▶ Exercise
Your answer must be the lines from the start of the records through the line with "image for item", exactly as written, without the pictures.

*** Opening Exercise material ***

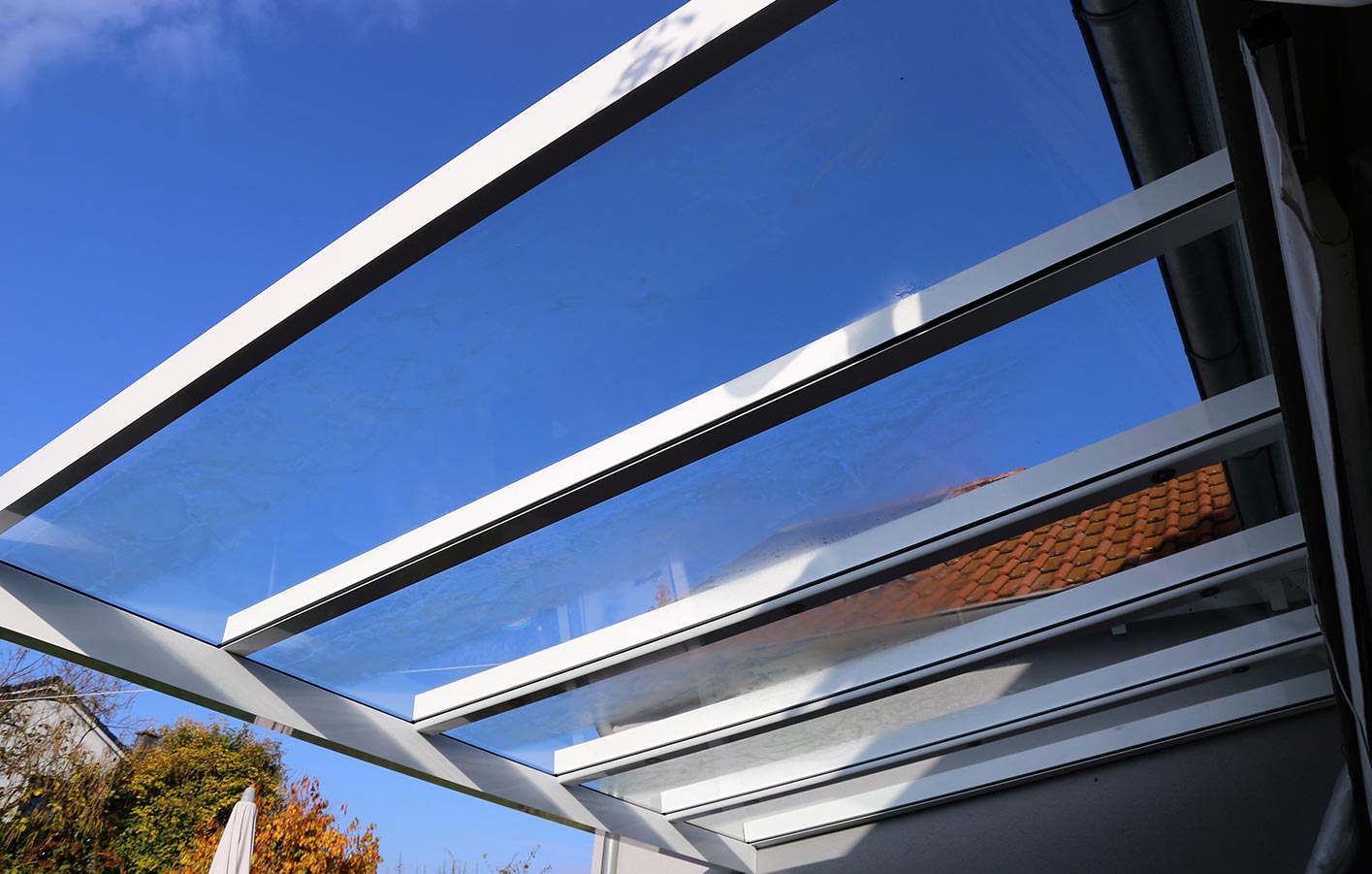 Massive Terrassenüberdachung aus Alu Nahaufnahme Terrassenüberdachung aus Alu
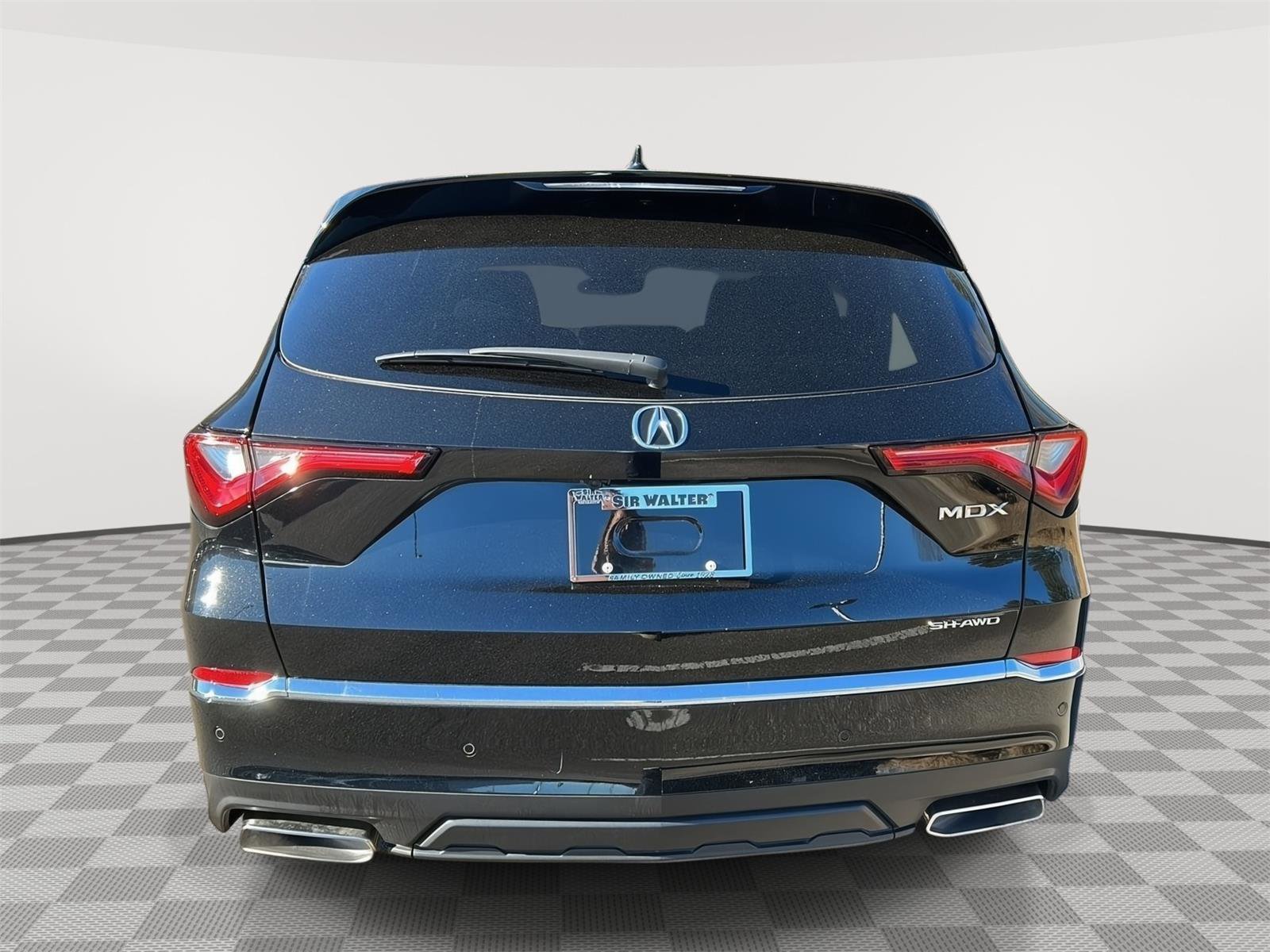Used 2023 Acura MDX SH-AWD w/ Technology Package image 4
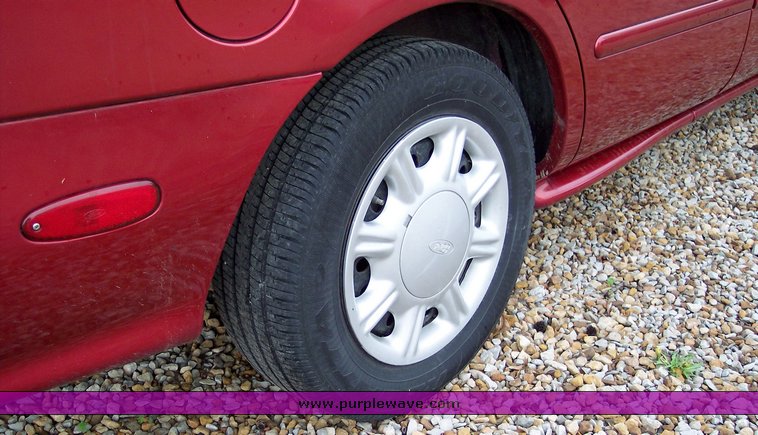 image for item 1406 1998 Ford Taurus SE station wagon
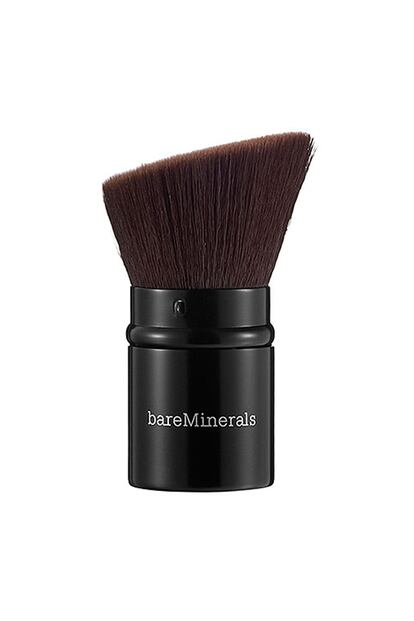 BareMinerals te permite tener en casa una brocha de uso profesional con la que conseguirás una cobertura perfecta. El uso es muy sencillo: dar un ligero toque sobre los polvos a aplicar y esparcir sobre la piel con movimientos largos hasta conseguir el efecto deseado. Cuesta 18 euros.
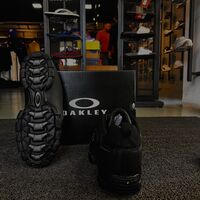 Bota Oakley Halftrack Low III
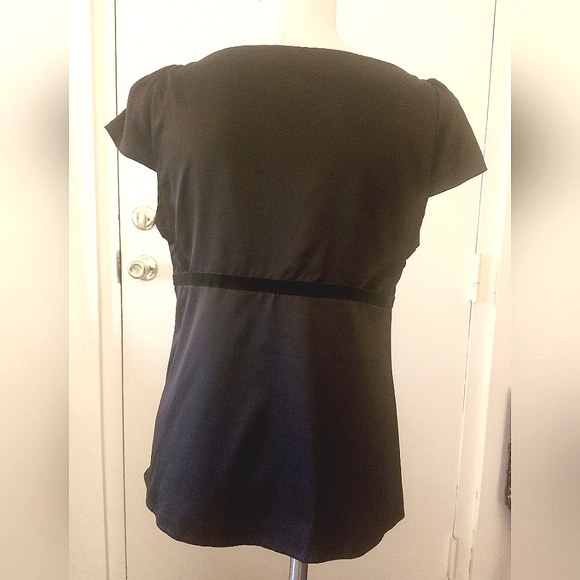 Black Satin Empire Waist Sweetheart Neckline Top w Velvet Trim - Picture 2 of 5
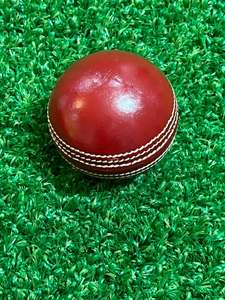 Pelota de Cricket Deportiva de Alta Calidad Hecha en Sialkot, Pelota de Cricket de Cuero de Alta Calidad, Pelota Dura en Cantidad a Granel - Product Image 4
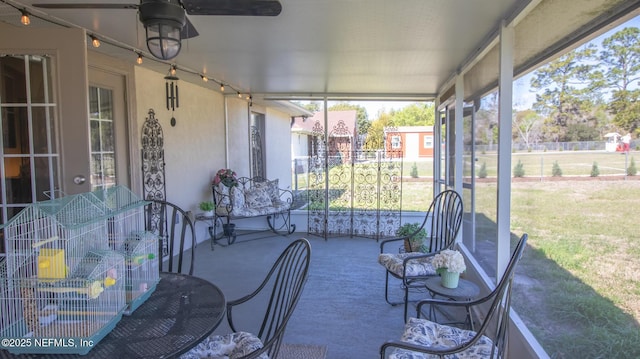 4565 SE 3rd Pl, Keystone Heights, FL 32656 - sunroom with ceiling fan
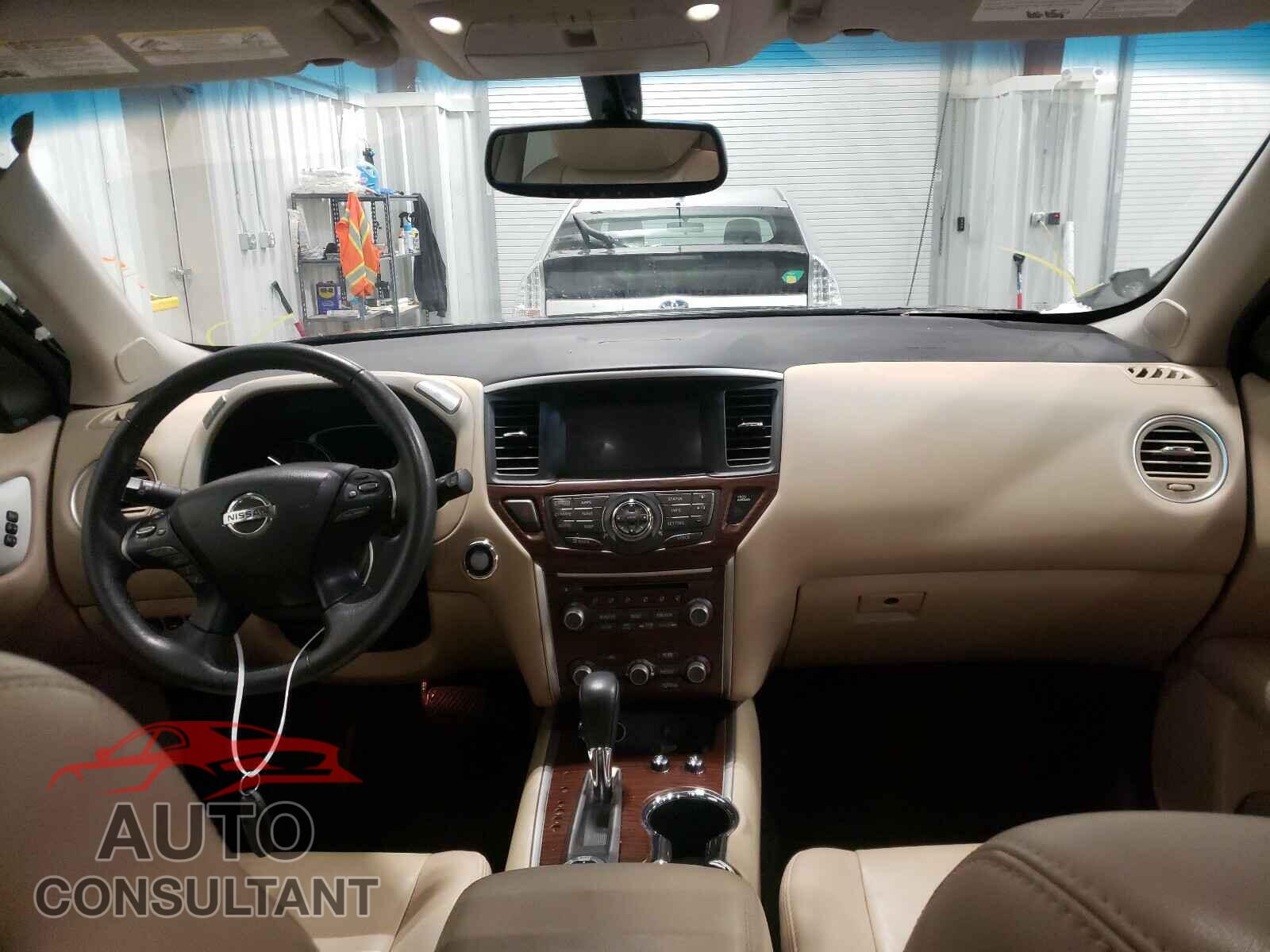 NISSAN PATHFINDER 2017 - 5N1DR2MM6HC607395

*** Closing Exercise material ***

▶ Your solution
 Massive Terrassenüberdachung aus Alu Nahaufnahme Terrassenüberdachung aus Alu
Used 2023 Acura MDX SH-AWD w/ Technology Package image 4
 image for item 1406 1998 Ford Taurus SE station wagon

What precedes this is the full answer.